The D-glucose formed is phosphorylated by the enzyme hexokinase (HK) and adenosine 5'-triphosphate (ATP) to glucose 6-phosphate (G-6-P):

\(\text{Glucose}+\text{ATP} \hspace{0.8em} \xrightarrow{HK} \hspace{0.8em} \text{G-6-P} \hspace{0.2em} + \hspace{0.2em} \text{ADP}\)

In the presence of the enzyme glucose-6-phosphate dehydrogenase (G6P-DH), G-6-P is oxidized from nicotinamide adenine dinucleotide phosphate (NADP) to gluconate-6-phosphate. Reduced nicotinamide adenine dinucleotide phosphate (NADPH) is formed:

\(\text{G-6-P} \hspace{0.2em} + \hspace{0.2em} \text{NADP}^+ \hspace{0.8em} \xrightarrow{G6P-DH} \hspace{0.8em} \text{gluconate-6-phosphate} \hspace{0.2em} + \hspace{0.2em} \text{NADP}^+ \hspace{0.2em} + \hspace{0.2em} \text{H}^+\)

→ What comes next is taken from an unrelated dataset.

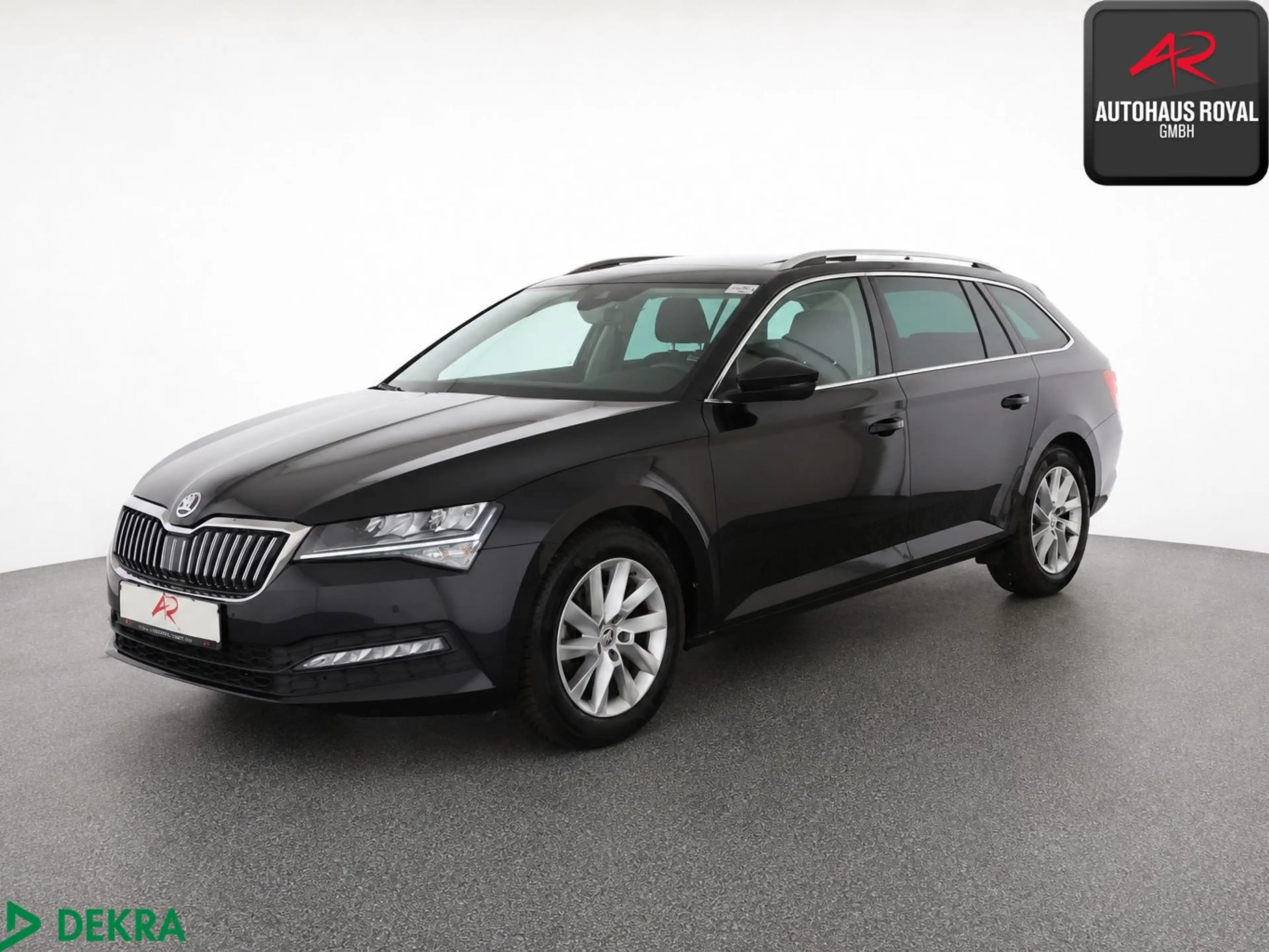 Skoda Superb Combi 2.0 TDI PANO,KEYLESS,ACC,KAMERA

The amount of NADPH formed during the reaction is equivalent to the amount of glucose. NADPH is measurand and is determined based on its absorbance at 334, 340 or 365 nm.

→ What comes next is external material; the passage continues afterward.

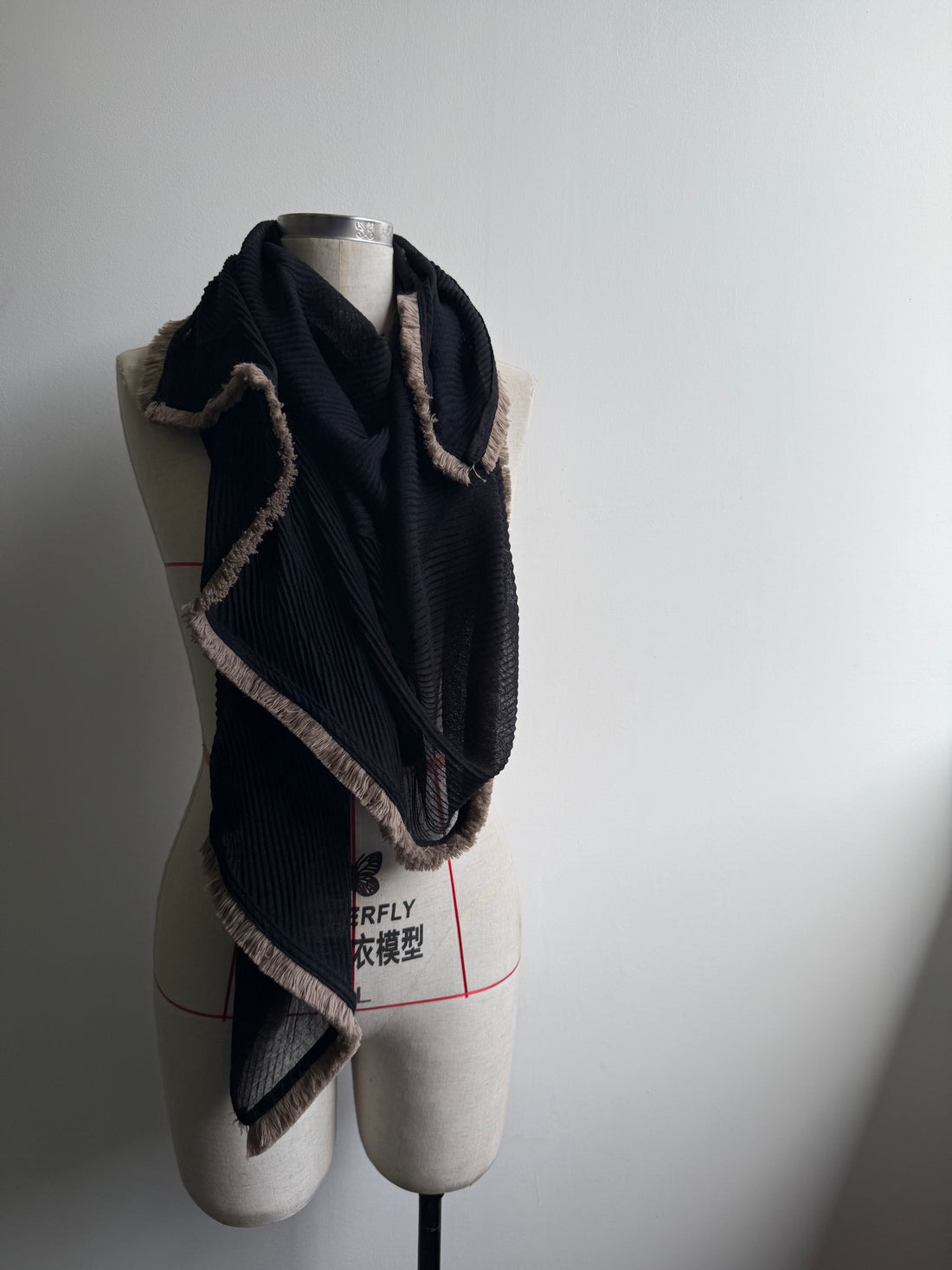 Fringe scarf - stone & black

The enzyme α-glucosidase is group specific, i.e., the specificity is directed to the type of glycosidic bond.

Only α-1,4 bonds, i.e., in addition to maltose, sucrose and maltotriose, but not maltotetraose, are cleaved under the given conditions. Therefore, the sucrose content must be taken into account in the maltose calculation (the maltose approach records the glucose formed from maltose and sucrose and the free glucose, the sucrose approach records the glucose formed from sucrose and the free glucose).